Activity: Below are records; reproduce exactly the lines from the one that has "Photo 1 VIN: 58ADZ1B11MU107967 - LEXUS ES" through the one that has "Knee High Boots With High Heel", ends included, and nothing more.

**** Extracted records ****

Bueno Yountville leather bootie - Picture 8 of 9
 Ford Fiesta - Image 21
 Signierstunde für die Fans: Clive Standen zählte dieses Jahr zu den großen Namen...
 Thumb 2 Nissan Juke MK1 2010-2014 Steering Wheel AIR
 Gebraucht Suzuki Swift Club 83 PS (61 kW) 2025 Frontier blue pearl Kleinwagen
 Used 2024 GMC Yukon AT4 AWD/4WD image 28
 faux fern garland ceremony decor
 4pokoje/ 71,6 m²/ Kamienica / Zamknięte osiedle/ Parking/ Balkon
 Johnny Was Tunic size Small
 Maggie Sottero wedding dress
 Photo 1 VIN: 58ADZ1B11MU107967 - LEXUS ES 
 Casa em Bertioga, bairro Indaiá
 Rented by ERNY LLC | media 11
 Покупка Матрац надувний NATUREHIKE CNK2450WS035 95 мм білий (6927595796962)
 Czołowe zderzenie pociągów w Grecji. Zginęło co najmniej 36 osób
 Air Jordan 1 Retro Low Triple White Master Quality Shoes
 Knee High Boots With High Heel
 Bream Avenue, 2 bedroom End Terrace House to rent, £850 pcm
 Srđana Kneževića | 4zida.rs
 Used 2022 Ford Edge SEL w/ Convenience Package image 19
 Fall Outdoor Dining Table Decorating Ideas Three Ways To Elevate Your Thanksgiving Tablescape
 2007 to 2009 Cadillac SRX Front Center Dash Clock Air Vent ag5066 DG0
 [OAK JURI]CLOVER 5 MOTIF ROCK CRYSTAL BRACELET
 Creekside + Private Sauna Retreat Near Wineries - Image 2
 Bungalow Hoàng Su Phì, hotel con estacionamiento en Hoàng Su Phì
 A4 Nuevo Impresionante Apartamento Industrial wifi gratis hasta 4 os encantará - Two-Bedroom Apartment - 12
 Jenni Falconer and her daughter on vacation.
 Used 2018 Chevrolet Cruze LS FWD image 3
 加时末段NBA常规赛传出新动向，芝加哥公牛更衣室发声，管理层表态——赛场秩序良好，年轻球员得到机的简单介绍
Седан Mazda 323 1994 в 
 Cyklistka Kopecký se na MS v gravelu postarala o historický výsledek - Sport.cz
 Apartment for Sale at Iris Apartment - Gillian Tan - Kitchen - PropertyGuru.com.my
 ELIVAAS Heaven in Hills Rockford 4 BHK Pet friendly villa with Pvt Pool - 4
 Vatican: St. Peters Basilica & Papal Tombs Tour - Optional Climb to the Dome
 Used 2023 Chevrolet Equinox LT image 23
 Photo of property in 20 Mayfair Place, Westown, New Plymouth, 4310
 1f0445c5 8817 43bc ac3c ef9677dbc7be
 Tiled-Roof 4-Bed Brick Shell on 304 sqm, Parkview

****

Answer for this exercise:
 Photo 1 VIN: 58ADZ1B11MU107967 - LEXUS ES 
 Casa em Bertioga, bairro Indaiá
 Rented by ERNY LLC | media 11
 Покупка Матрац надувний NATUREHIKE CNK2450WS035 95 мм білий (6927595796962)
 Czołowe zderzenie pociągów w Grecji. Zginęło co najmniej 36 osób
 Air Jordan 1 Retro Low Triple White Master Quality Shoes
 Knee High Boots With High Heel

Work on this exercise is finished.